I was only home for three days before my body purged itself of the entire trip. I threw up Antigua, San Pedro, Monte Ricco, Guatemala City. I threw up frijoles, maize, mango, huevos. I threw up the chicken bus, the mercado, the slum. I threw up Astrid, Margarita, Erick, Eddy, Juan Carlos, Irma, Pablo, Lupita. I threw up the damp rainy season, the swirl of clouds above a volcano, the entire Spanish language. When I was empty of everything possible, I stood over the clean white toilet and shook and cried and spat.

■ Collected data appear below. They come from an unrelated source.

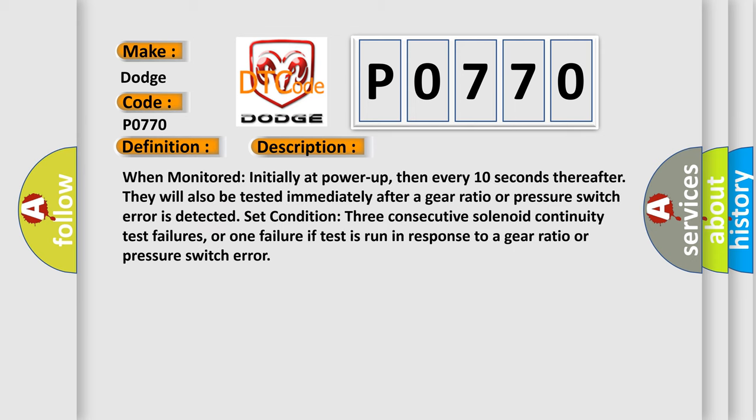When monitored initially at power-up, then every 10 seconds thereafter, they will also be tested immediately after a gear ratio or pressure switch error is detected. Set condition: 3 consecutive solenoid continuity test failures, or 1 failure if test is run in response to a gear ratio or pressure switch error.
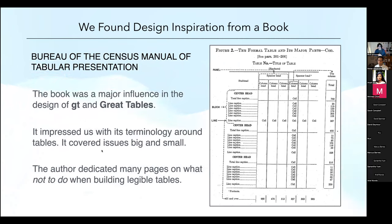And a lot more beyond that. Great Tables is young but promising. We're going to keep working on it, and it'll be just as good as GT for R. You'll be able to produce tables like those early examples with Great Tables in no time. That's my presentation — thank you.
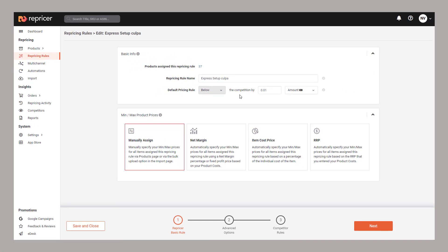If you want to be more specific, we do have competitor rules which let you target different types of sellers in different ways. For example, you can use these to target FBA, MFN, SFP and Amazon completely differently.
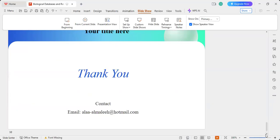That is all. Thank you. Thank you so much, Alaa, for this nice presentation and for taking us through biological databases. I'm sorry for the technical problems that occurred. The floor is now open for any questions or comments.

When the needle goes into your arm to probe what is wrong, it is Manuel de Jesus who is entering your veins. You watch this slim, shining thing become a part of you, but you know that in the end you will be left with a red-purple bruise on the soft flesh of your inner elbow. In the end you will have only lost your own blood, and you will have lost him as well. You will have lost everything but the questions: Is he dealing himself a hand of cards at this moment in time? Is he being beaten in the rotting alleyways of the slums? Has he eaten today?

At home, the carpet still feels strange on my feet. I take a dose of Phenergan and try to sleep away all of the problems. Maybe when I wake up I won't remember anymore. My body is empty, in one sense, yet so full that I cannot understand how to live anymore.